‘Bittersweet’ end of an era for coal-fired Liddell

Luke Costin and Marion Rae |

The Liddell Power Station in NSW, once the backbone of the national electricity grid, has been switched off after more than 50 years of service.

The Hunter Valley coal-fired thermal power facility, which could power the equivalent of more than one million homes, on Friday morning completed a carefully engineered year-long shutdown process when the last of its turbines fell silent.

But owner AGL Energy, which has been working on the closure for the past seven years, said the lights will stay on with the addition of more wind and solar generated energy in the years to come.

“Today marks the end of one chapter for the site, but also the beginning of another with our plans to transform the site into the Hunter Energy Hub. The world is changing and so is AGL,” chief executive Damien Nicks said on Friday.

“We already have plans underway to build a 500 MW grid-scale battery on the site, a feasibility study into a hydrogen facility is underway, and we are also exploring options with potential partners in industries such as solar, wind, and waste-to-energy.”

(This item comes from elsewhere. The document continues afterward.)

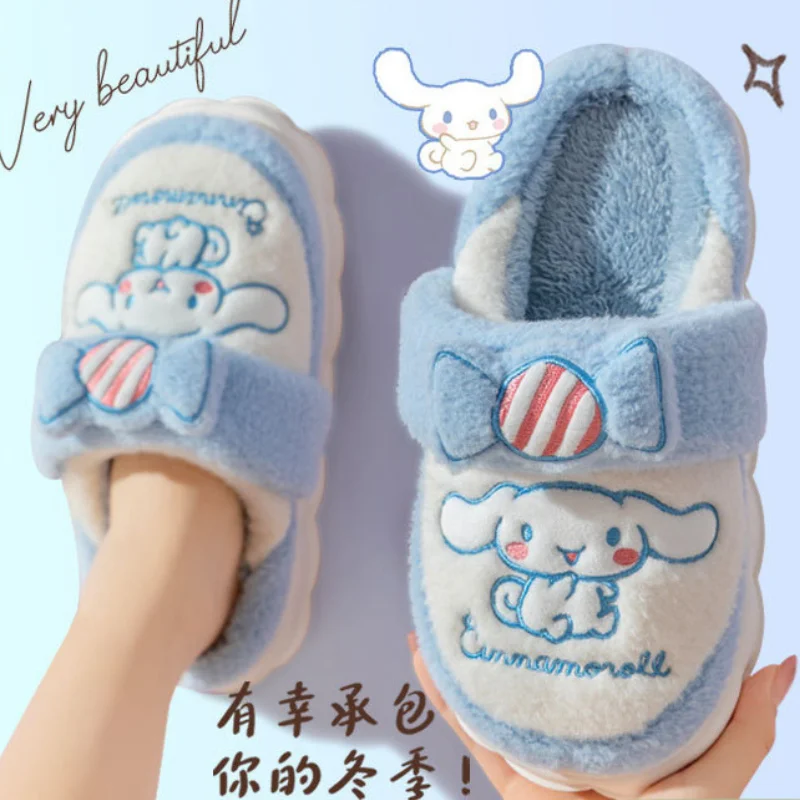 

Kawaii Sanrio Pompompurin Two Pairs of Cotton Slippers Hello Kitty Winter Cartoon Antiskid Indoor Cute Comfort Warm Anime Girls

Many of the thousands of Muswellbrook locals who worked at the site over the years gathered to farewell the plant they referred to as “the old girl”.

Electrician Jackson Channon, a third-generation worker at the site who’s moving to the neighbouring Bayswater station, said it was a bittersweet day.

“This place has meant a lot to my family, and for the people who work here, it’s like a community of mates,” he said.

Activists and billionaires alike have been marking the demise of the coal-fired “clunker”, which provided about three per cent of the grid’s power in the past year

Speaking at the opening of the Bango Wind Farm near Boorowa some 430km south of Muswellbrook, mining magnate turned green hydrogen entrepreneur Andrew ‘Twiggy’ Forrest said he was “delighted that stinking old carbon bomb is closing down”.

Federal Nationals leader David Littleproud called for the Liddell site to be turned into a nuclear power station.

“We believe Liddell and the Hunter have a nuclear future,” he told Sky News on Friday.

“We believe the small-scale modular technology that’s evolving particularly in Canada … is something we should have a national conversation about.” 

The closure comes as the energy market operator said renewables were breaking energy generation records and driving down wholesale electricity prices.

Black coal-fired output to the national market in the first quarter of 2023 was three per cent down on the previous year’s first quarter, despite a 129-megawatt uptick in coal-fired availability.

Liddell’s demolition will begin in 2024 and take approximately two years.

More than 90 per cent of the materials in the Liddell plant are expected to be recycled during demolition, including 70,000 tonnes of steel – more than the total weight of steel works for the Sydney Harbour Bridge.

Boilers, chimneys, turbine houses, the coal plant and various buildings will go and the site will be levelled with crushed concrete.

But transmission connections will be retained as the site gears up to become an industrial energy hub, equipped with a grid-scale battery.

As Australia’s largest electricity generator and biggest emitter, AGL faced government pressure and a shareholder revolt led by billionaire Mike Cannon-Brookes for going too slow on exiting coal and gas.

Under new management, AGL pledges to be “net zero” from operations with all of its coal-fired power stations to close by 2035 – including Loy Yang, which provides almost a third of Victoria’s power.

Its gas-fired Torrens Island power station, South Australia’s largest plant, is getting a makeover as an industrial hub as well.

The future of Australia’s biggest coal-fired power station, Origin Energy-owned Eraring, remains up in the air, with government briefings suggesting its closure would be more risky than Liddell’s closure, and would leave a supply gap.